Contrast that with the season opener against New England, when they used three receivers, a back and a tight end on all but six plays. The Bills averaged a play every 21.9 seconds of possession time against the Pats. It was a play per every 30.1 seconds vs. the Jets.

“I think you’re going to see it grow into a lot of different things,” Marrone said of the offense overall. “How fast that happens, I really can’t put a time frame on it. … A lot just has to do with the quarterback.”

“Has he arrived? Obviously I hope so,” Marrone said of Manuel. “But the proof in the pudding is going to be the consistency. Once the consistency starts to come, then you can see us doing a lot more different things.”

As Manuel gets more experience, it should allow the Bills to add more checks – switching of play calls at the line of scrimmage – to get in the best possible play. That’s a strength of New England’s Tom Brady, who has been running the same offensive system for 13 years.

Manuel said the Bills want to play up-tempo, but Hackett is not constantly pushing him to go faster.

“We really don’t think about it that much,” Manuel said. “Obviously we want to keep our tempo up. I think that gets us in a groove, and when we’re converting third downs, we’re obviously keeping the ball longer.”

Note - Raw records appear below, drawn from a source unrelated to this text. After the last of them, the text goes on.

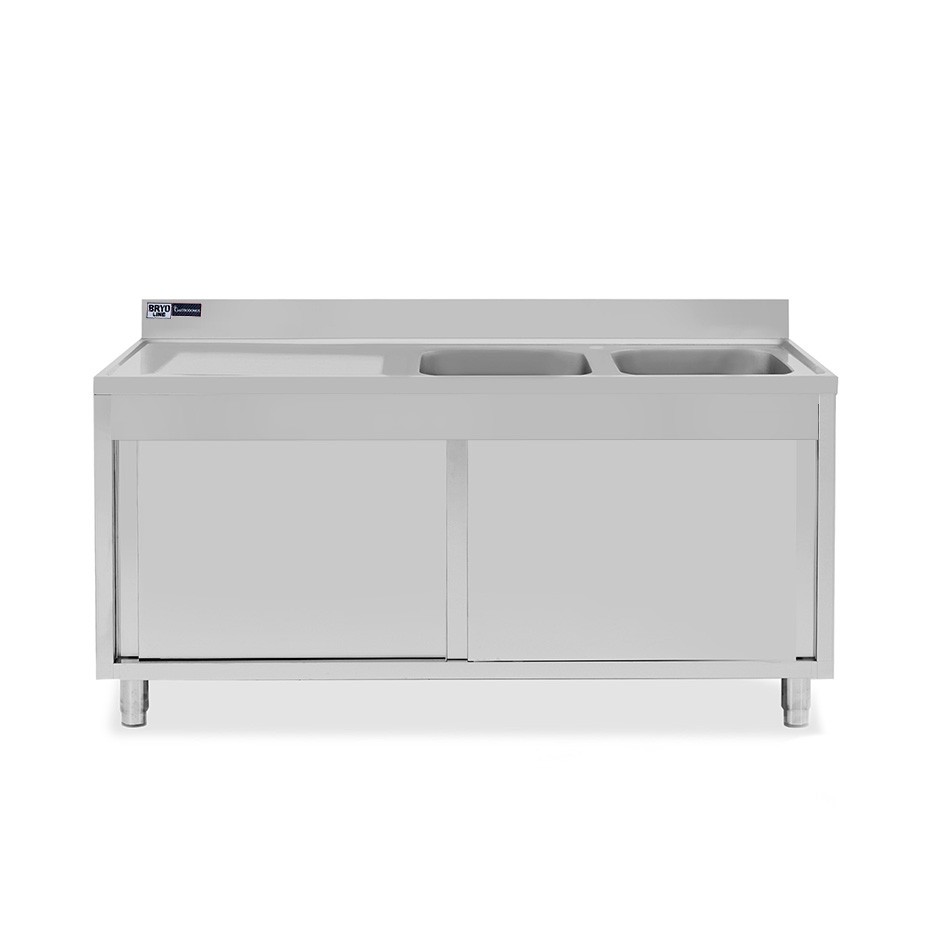 Lavello armadiato con porte scorrevoli,2 vasche,gocciolatoio a sinistra,L 1700 x P 600 x H 965 mm - con foro rubinetto Ø 32 mm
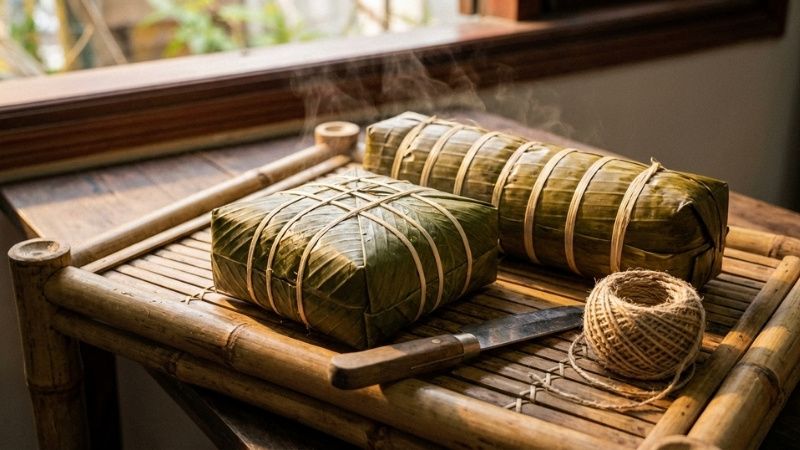 Bánh chưng và bánh tét là hai loại bánh Tết truyền thống thể hiện khác biệt phong tục Tết miền Bắc miền Nam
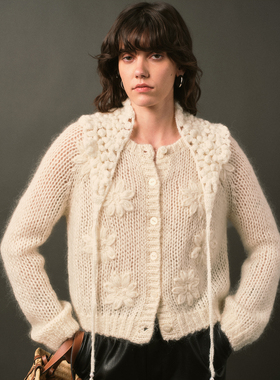 TOP家 浪漫限定 法式复古纯手工立体绣花温柔风羊毛羊驼混纺毛衣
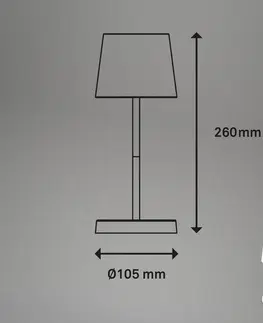 Venkovní osvětlení terasy Briloner Stolní lampa LED Piha s dobíjecí baterií, bílá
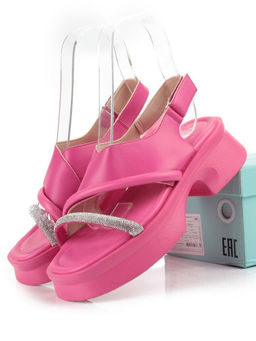 08-PEQ210-3 PINK Босоножки женские (натуральная кожа)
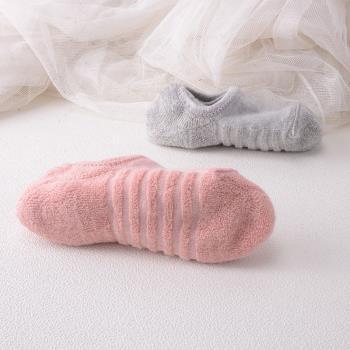 秋冬季純棉加厚毛圈男女襪子船襪毛巾底保暖防滑隱形淺口運動短襪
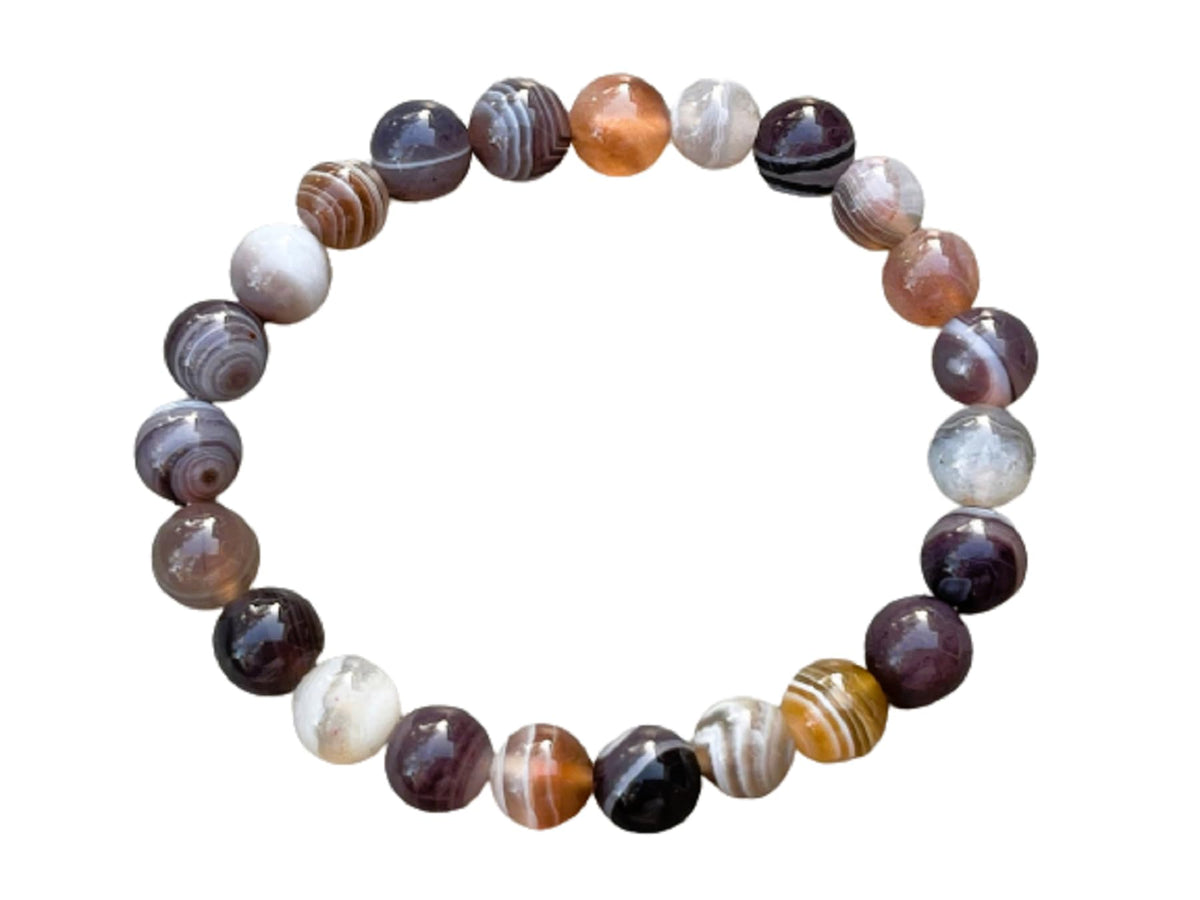 GAF TREASURES Botswana Agate Crystal Bead Bracelet 8mm, Genuine Botswana Agate Stretch Gemstone Bracelet, Healing Crystal Bracelet, Gift for Men & Women (1)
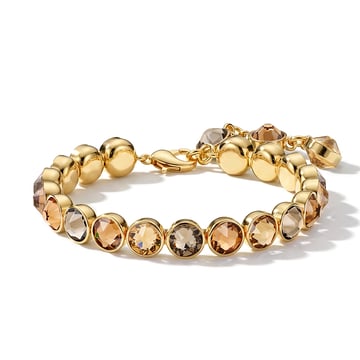 Signature Tennis Bracelet Colorado Topaz Smoked Topaz and Greige Gold Plated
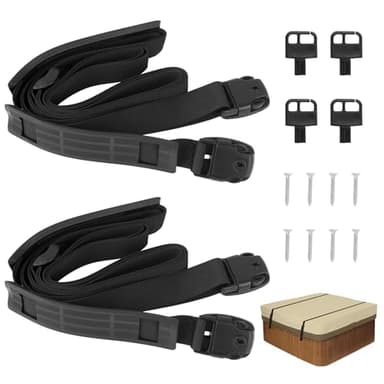 GDW Heavy Duty Hot Tub Cover Wind Straps FITS Most SPAS f Belts for Outdoor Spas Fixing Straps ，Bathtub Cover Windproof Strap Locks Adjustable Length 67"~116" Black, 9.5 Ft （ 2 PCS ）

The Bills rank only 25th on third-down conversions. As the offense develops and the players work together longer, that number should improve. The Bills were just 3 of 14 on third downs in Pittsburgh two weeks ago but were 8 of 19 against the Jets.

“If you have more touches it allows you to amp up the tempo,” Manuel said.

“I think it kind of depends on how the flow of the game is going,” said running back Fred Jackson. “There’s times we come to the sideline and we get with our offensive line, the receivers and the coaching staff and we say we want to pick the tempo up. If we sense that during the game, that’s when we really try to pick it up.… I think Eric Wood was the first one who noticed it against the Jets. He kind of echoed it to everybody and we started picking the tempo up.”

How much will the Bills vary personnel versus putting the pedal to the metal on the pace over the final month? Time will tell.

If the Bills’ defense has to work a little harder in order for the rookie quarterback to run a QB-friendly system, so be it.

Buffalo’s defense ranks 16th in yards allowed. It is 10th in yards allowed per play.

“You’re going to be up there in reps when your offensive system is what it is,” defensive coordinator Mike Pettine said. “To me that’s unavoidable. It comes with the territory, and it’s not an issue with us.”

What if the offense makes a quick three-and-out?

“Hey, more TV time for us,” Pettine said. The key, Pettine said, is getting off the field and giving the Bills’ offense more chances to score.

“When you looked at the early games, we were in the high 20s on third down,” Pettine said of the league ranking. “Now we’re below 15 in third-down defense. That’s to me the biggest thing. You control that. That’s what we tell our guys. … If we don’t get a turnover, the most we have to be out there is three plays.”

The team record for most plays in a season was set in Jim Kelly’s final year, 1996. There were 2,199 plays. The Bills are on pace for 2,218 this year.

The Bills’ offense is on pace for 1,093 plays. In each of Kelly’s final five seasons, ’91 to ’96, the Bills ran more than 1,050 plays.